Tuesday, February 8, 2011

Grey's Anatomy tackles Clinical Trials?!

I came in here to vent. Hailey is watching last week's episode of Grey's Anatomy in the living room and I was having a hard time biting my tongue any more, so here I rant.

Normally Grey's is an OK show. Not what I'd choose to watch in my own time, but an acceptable "sure dear, we can watch that" sort of show. This season the Patrick Dempsey doctor guy is doing a Clinical Trial looking at an Alzheimer's medication. Great! Public exposure for clinical research is a great thing. We currently have several clinical trials for Alzheimer's meds, so I spend a good portion of every work week in this world. But boo to this episode.

So they have a guy on the table and it's time to "Randomize" the patient. This involves opening an envelope which says "He gets Placebo," pulling out a syringe labeled "Saline" and administering the treatment. Um, no? Why isn't this double blind? Why does the injecting and evaluating physician know what the treatment is? Oh, right, because later it's dramatic if a grieving wife can plead with the assistant to swap the medication if her husband is assigned to the placebo group. No. Just No. Randomization. Blinded trials. Important, no?

They spend a bit of time on the placebo effect, also good if not totally twisted. Dr. Dempsey (I don't know the character's name, whatever) even goes so far as to tell his helper dude that he should be encouraging! He should be more positive about the trial because that will lead to better outcomes if the caregiver thinks it will work! Helper dude is trying to give a realistic assessment of the potential benefit of this new med and he's shut down and told to be more positive! Um, ethics much? You don't enroll someone in a trial with unreasonable expectations.

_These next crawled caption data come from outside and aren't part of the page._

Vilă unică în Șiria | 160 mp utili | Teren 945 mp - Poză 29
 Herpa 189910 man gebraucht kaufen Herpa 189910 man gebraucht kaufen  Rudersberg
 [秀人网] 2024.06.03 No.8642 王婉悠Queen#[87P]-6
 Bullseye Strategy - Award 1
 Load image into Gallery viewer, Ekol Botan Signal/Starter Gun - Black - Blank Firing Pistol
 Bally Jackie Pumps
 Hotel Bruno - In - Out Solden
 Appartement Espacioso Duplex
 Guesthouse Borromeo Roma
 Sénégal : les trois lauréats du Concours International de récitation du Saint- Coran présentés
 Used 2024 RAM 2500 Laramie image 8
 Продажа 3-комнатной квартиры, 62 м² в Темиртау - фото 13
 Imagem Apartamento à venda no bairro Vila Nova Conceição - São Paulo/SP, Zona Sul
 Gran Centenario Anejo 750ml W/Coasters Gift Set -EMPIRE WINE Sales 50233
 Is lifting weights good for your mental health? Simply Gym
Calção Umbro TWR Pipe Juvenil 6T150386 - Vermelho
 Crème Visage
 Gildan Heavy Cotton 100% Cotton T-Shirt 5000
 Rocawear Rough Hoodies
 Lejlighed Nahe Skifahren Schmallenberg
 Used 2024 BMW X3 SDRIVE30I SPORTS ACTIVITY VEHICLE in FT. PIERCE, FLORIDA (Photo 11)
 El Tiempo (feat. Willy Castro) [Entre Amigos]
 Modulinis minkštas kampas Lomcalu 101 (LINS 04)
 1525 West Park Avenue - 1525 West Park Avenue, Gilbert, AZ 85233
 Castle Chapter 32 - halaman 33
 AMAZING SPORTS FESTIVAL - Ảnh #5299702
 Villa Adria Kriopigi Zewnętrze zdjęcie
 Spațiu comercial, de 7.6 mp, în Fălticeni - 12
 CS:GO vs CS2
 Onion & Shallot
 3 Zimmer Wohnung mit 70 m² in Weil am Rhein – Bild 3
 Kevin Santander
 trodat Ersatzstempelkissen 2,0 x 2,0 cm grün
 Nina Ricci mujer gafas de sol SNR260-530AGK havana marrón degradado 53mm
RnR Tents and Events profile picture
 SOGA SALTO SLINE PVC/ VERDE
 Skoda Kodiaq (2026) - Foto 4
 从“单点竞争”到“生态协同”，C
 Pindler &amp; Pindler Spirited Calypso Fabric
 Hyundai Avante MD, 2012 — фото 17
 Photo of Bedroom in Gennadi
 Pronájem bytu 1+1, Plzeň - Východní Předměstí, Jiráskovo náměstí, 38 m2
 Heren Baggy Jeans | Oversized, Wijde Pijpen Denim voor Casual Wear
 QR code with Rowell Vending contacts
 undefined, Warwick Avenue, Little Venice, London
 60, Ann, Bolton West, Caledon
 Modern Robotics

A more minor quibble is that they don't talk at all about how the endpoints will be measured. Sure they're surgeons, but the amount of cognitive testing that goes into efficacy assessments in real life is totally ignored. I guess that's not good TV.

Grrr.

1 comment:

erinrae said...

i watched the first couple seasons, then it got too soap opera for me.

a friend was telling me recently that they have started having dark blue/ burgundy/green sheets on the hospital beds. so fake.